Le LTIC : un rôle de stabilisateur des marchés

Les investisseurs de long terme peuvent aussi comme le constate Laurent Vigier, directeur des relations internationales de la Caisse des Dépôts et Consignations française «jouent un rôle stabilisateur sur les marchés en contrebalançant les effets des actions court-termistes. Compte tenu de la structure de leur bilan, ils ont la capacité de lisser leurs ressources à moyen et long terme. Ils peuvent conserver en portefeuille leurs actifs en période de crise et jouer ainsi un rôle contra-cyclique sur les marchés financiers. Ils ont, à ce titre, la capacité de mutualiser les risques entre générations : sans investisseurs de long terme, chaque classe d’âge supporterait le risque des marchés durant sa propre existence.
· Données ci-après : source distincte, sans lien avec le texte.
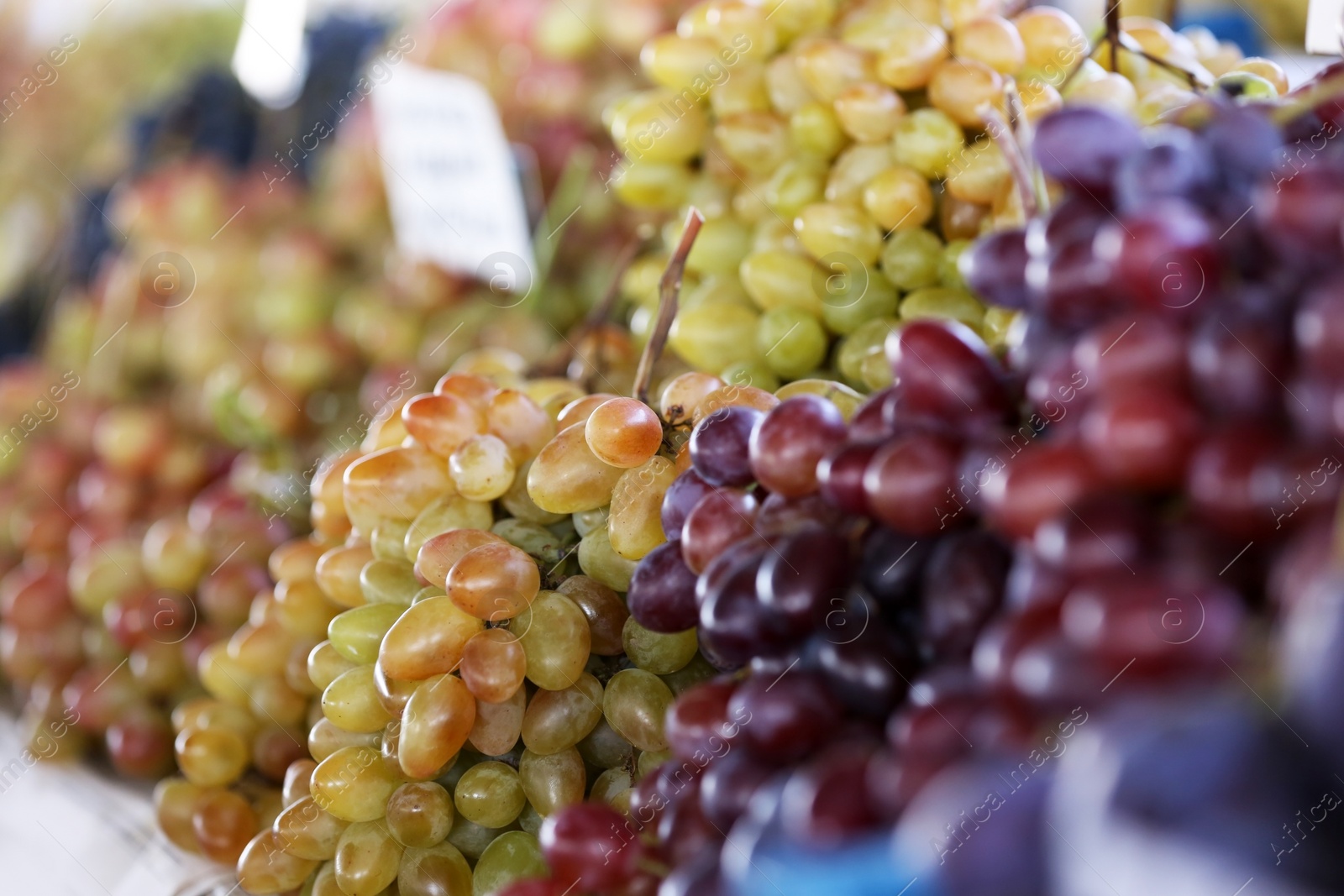 Photo of Fresh ripe juicy grapes on counter at market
Cette capacité, dit-il, à se projeter dans la durée permet également à ces acteurs d’agir sur les déterminants de la croissance potentielle, notamment par le financement de l’innovation, de la recherche et des grands projets, essentiels à la création de nouveaux emplois». Le hasard fait bien les choses, la 5e Conférence internationale des LTIC se tient ce 24 mai à l’Académie Hassan II des Sciences et Techniques qui vient de fêter le 7e anniversaire de sa création en présentant son rapport très attendu sur le titre «Développer la recherche scientifique et l’innovation pour gagner la bataille de la compétitivité, un état des lieux et des recommandations clés».

Le club des investisseurs de long terme : des investisseurs du futur

Ce Club qui réunit 18 des institutions financières d’Europe, d’Asie, du Golfe et d’Amérique, représentant un total bilan de 4 500 milliards de dollars pour favoriser des projets du futur en matière d’énergie, de transport, de télécommunication qui en général ne sont rentables que sur le long terme alors que les investisseurs ne pensent que rentabilité et profits à court terme. Le dilemme est là, notait l’un des fondateurs et ex-président du Club des investissements de long terme qui soulignait que «la vocation du Club, c’est de jeter un pont entre les impératifs du court terme et le traitement des enjeux de long terme. Il n’y a évidemment pas de solution miracle, mais le recours à une nouvelle ingénierie financière associant partenaires publics et privés peut se révéler fructueux. De ce point de vue, les investisseurs de long terme − c’est-à-dire les institutions financières ayant des engagements de passif peu ou pas exigibles à court et moyen terme − ont un rôle essentiel à jouer, qu’il s’agisse des institutions financières à mandat public, des fonds souverains et de certains fonds de pension ou assurances. Leur capacité à se projeter sur le long terme leur permet de financer des projets dont les revenus sont différés dans le temps, et donc d’agir sur les déterminants de la croissance potentielle, notamment par le financement de l’innovation, de la recherche et des grands projets essentiels à la création de nouveaux emplois. La contribution des investisseurs de long terme au financement de ces besoins sera d’autant plus efficace qu’elle pourra s’appuyer sur un cadre réglementaire financier mondial qui incite au long terme, et non plus axé sur une valorisation à court terme, qui importe la volatilité des marchés dans le bilan des entreprises. Elle doit aussi pouvoir s’appuyer sur une coopération renforcée entre investisseurs de long terme».